The Life of a London Taxi Driver
For a glimpse into the life of a London taxi driver, Executive Travel flagged down Alan Fisher, who drives a cab in London five days a week and is the editor of CallSign, the internal magazine for Dial-a-Cab, with a fleet of 2,500 cabs in London.
WHAT WAS YOUR EXPERIENCE LIKE WITH THE KNOWLEDGE?

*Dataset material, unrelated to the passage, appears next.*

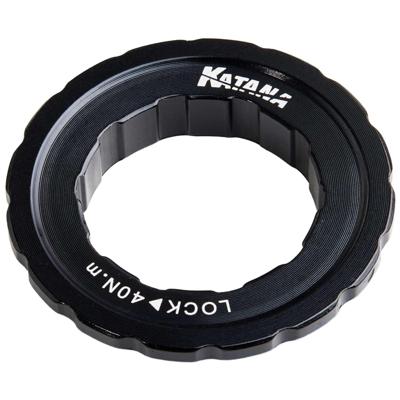 Katana Lock Ring For Shimano Center-Lock External For 15 / 20 mm Thru-axle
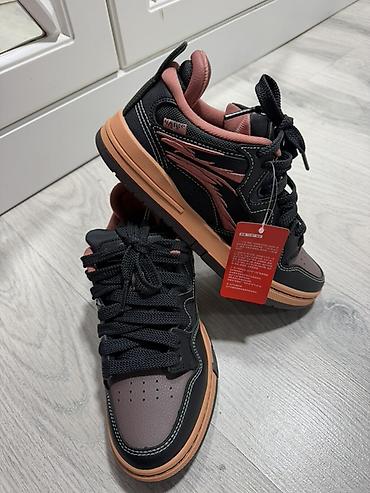 Кроссовки и спортивная обувь: Кроссовки Li-Ning Lifestyle Low - Тип: низкие кроссовки/кеды для — 2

The Knowledge is tough. I know some guys that took over four years to complete it. Knowing that you had to go out most days on a small motorbike [to learn the city] regardless of whether it was summer or winter—and winters can be pretty miserable in London—doesn’t exactly cheer you up! But London is a big city, and to become a licensed taxi driver in the U.K. capital means knowing not just where every one of the 67,544 streets are, together with every building in every one of those streets, but at the drop of a hat, how you get from one to another! How do you prepare? You can’t, because you could never believe how tough it is and also how it completely dominates your life. I know several drivers whose marriages or relationships never survived the strain the Knowledge puts you—and those around you—under.
HAS THE CONGESTION TAX CUT DOWN ON TRAFFIC AND MADE YOUR LIFE ANY EASIER?

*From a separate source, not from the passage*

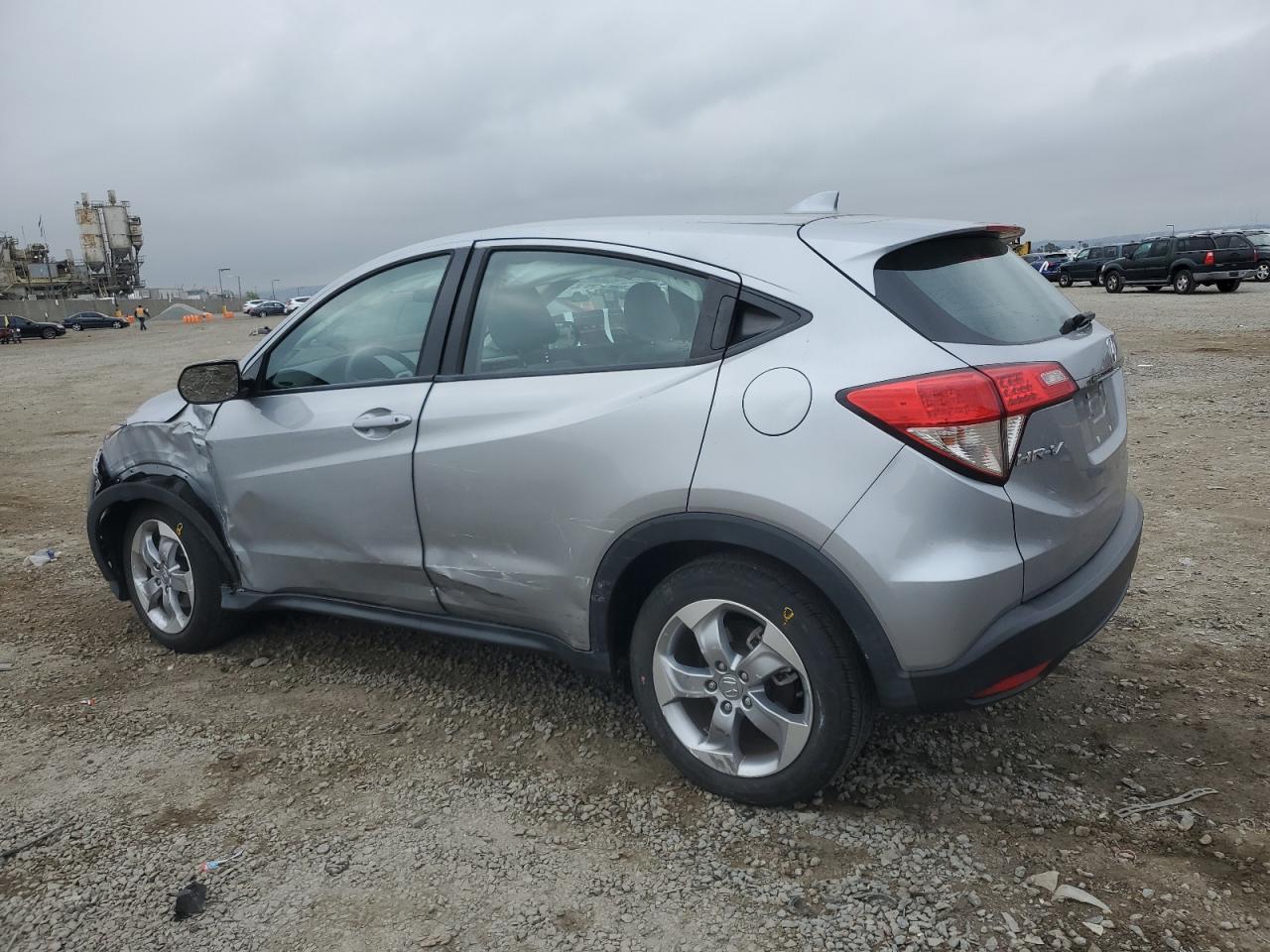 2021 HONDA HR-V LX - Фото 2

It certainly made a difference when first introduced, with traffic down by an estimated 15 percent, but it has gradually crept up since then—and while traffic is possibly better than before congestion charging, I’m not too sure whether the difference is that noticeable any more.
WHAT HAVE BEEN THE BIGGEST CHANGES IN YOUR JOB IN THE LAST FIVE YEARS?

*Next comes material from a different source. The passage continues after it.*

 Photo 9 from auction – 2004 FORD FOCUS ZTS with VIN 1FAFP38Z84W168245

Undoubtedly, the biggest change has been the licensing of cars as private-hire cabs. Unlike regular taxis that can be hailed in the street, private hire can only be called via the phone or by going to their office. Prior to licensing, their record of attacks against women and other crimes was appalling, but while licensing and the accountability that comes with it has improved that, their record still is a long way behind that of taxi drivers. The difference is that no taxi driver would sacrifice up to four years on the Knowledge to be involved with anything outside of the law, but private-hire drivers have just a minor test, so if they lose their license, then it isn’t the end of the world.
WHAT TIPS WOULD YOU GIVE EXECUTIVE TRAVEL READERS ABOUT TAKING TAXIS IN LONDON?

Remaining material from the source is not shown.